401(k) premiums and deposits decreased 13% for the second quarter of
2002 when compared to the second quarter of 2001 (from $462.4 million to
$402.7 million). 401(k) premiums and deposits decreased 23% for the six
months of 2002 (from $1,087.9 million to $839.8 million) when compared
to the six months of 2001. Assets under administration (including
third-party administration) in 401(k) decreased 7.5% during the six
months of 2002 due to the impact of lower U.S. equity markets and
decreasing number of participants. The number of participants decreased
from 562,800 at June 30, 2001 to 517,057 at June 30, 2002, reflecting
higher termination rates.

The number of 401(k) case sales (employer groups), including third-party
administration business generated by the Company's marketing and
administration arrangement with New England, decreased 21% to 181 for
the first six months of 2002 as compared to 230 for the same period in
2001.

GENERAL ACCOUNT INVESTMENTS

The Company's primary investment objective is to acquire assets whose
duration and cash flow reflect the characteristics of the Company's
liabilities, while meeting industry, size, issuer, and geographic
diversification standards. Formal liquidity and credit quality
parameters have also been established.

The Company follows rigorous procedures to control interest rate risk
and observes strict asset and liability matching guidelines. These
guidelines are designed to ensure that even in changing market
conditions, the Company's assets will meet the cash flow and income
requirements of its liabilities. Using dynamic modeling to analyze the
effects of a wide range of possible market changes upon investments and
policyholder benefits, the Company ensures that its investment portfolio
is appropriately structured to fulfill financial obligations to its
policyholders.

Fixed Maturities

Fixed maturities investments include public and privately placed
corporate bonds, public and privately placed structured assets and
government bonds. This latter category contains both asset-backed and
mortgage-backed securities, including collateralized mortgage
obligations (CMOs). The Company's strategy related to structured assets
is to focus on those with lower volatility and minimal credit risk. The
Company does not invest in higher risk CMOs such as interest-only and
principal-only strips, and currently has no plans to invest in such
securities.

Private placement investments are generally less marketable than
publicly traded assets, yet they typically offer covenant protection
that allows the Company, if necessary, to take appropriate action to
protect its investment. The Company believes that the cost of the
additional monitoring and analysis required by private placements is
more than offset by their enhanced yield.

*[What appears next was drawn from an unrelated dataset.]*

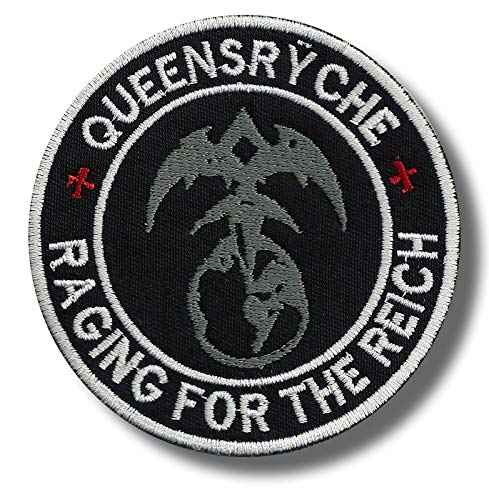 Queensryche Patch Badge Embroidered Iron on Applique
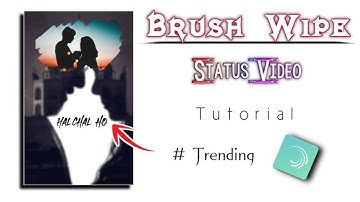 How to Make Brush wipe status video | status video kaise banaye | technicalmahatma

One of the Company's primary objectives is to ensure that its fixed
maturity portfolio is maintained at a high average quality, so as to
limit credit risk. If not externally rated, the securities are rated by
the Company on a basis intended to be similar to that of rating
agencies.

The distribution of the fixed maturity portfolio by credit rating is
summarized as follows:


June 30, December 31,
2002 2001
------------------ -------------------

AAA 59 % 58 %
AA 9 % 9 %
A 14 % 14 %
BBB 16 % 16 %
BB and Below (non-investment grade) 2 % 3 %
-------------- --- --------------- ---

TOTAL 100.0 % 100.0 %
============== === =============== ===

During the first six months of 2002, net unrealized gains on fixed
maturities included in stockholder's equity, which is net of
policyholder-related amounts and deferred income taxes, increased
stockholder's equity by $34.3 million.

CRITICAL ACCOUNTING POLICIES

The preparation of financial statements in conformity with accounting
principles generally accepted in the United States of America requires
the Company's management to make a variety of estimates and assumptions.
These estimates and assumptions affect, among other things, the reported
amounts of assets and liabilities, the disclosure of contingent
liabilities and the reported amounts of revenues and expenses. Actual
results can differ from the amounts previously estimated, which were
based on the information available at the time the estimates were made.

The critical accounting policies described below are those that the
Company believes are important to the portrayal of the Company's
financial condition and results, and which require management to make
difficult, subjective and/or complex judgments. Critical accounting
policies cover accounting matters that are inherently uncertain because
the future resolution of such matters is unknown. The Company believes
that critical accounting policies include policy reserves, allowances
for credit losses, deferred policy acquisition costs, and valuation of
privately placed fixed maturities.

Policy Reserves

Life Insurance and Annuity Reserves - Life insurance and annuity policy
reserves with life contingencies are computed on the basis of estimated
mortality, investment yield, withdrawals, future maintenance and
settlement expenses, and retrospective experience rating premium
refunds. Annuity contract reserves without life contingencies are
established at the contractholder's account value.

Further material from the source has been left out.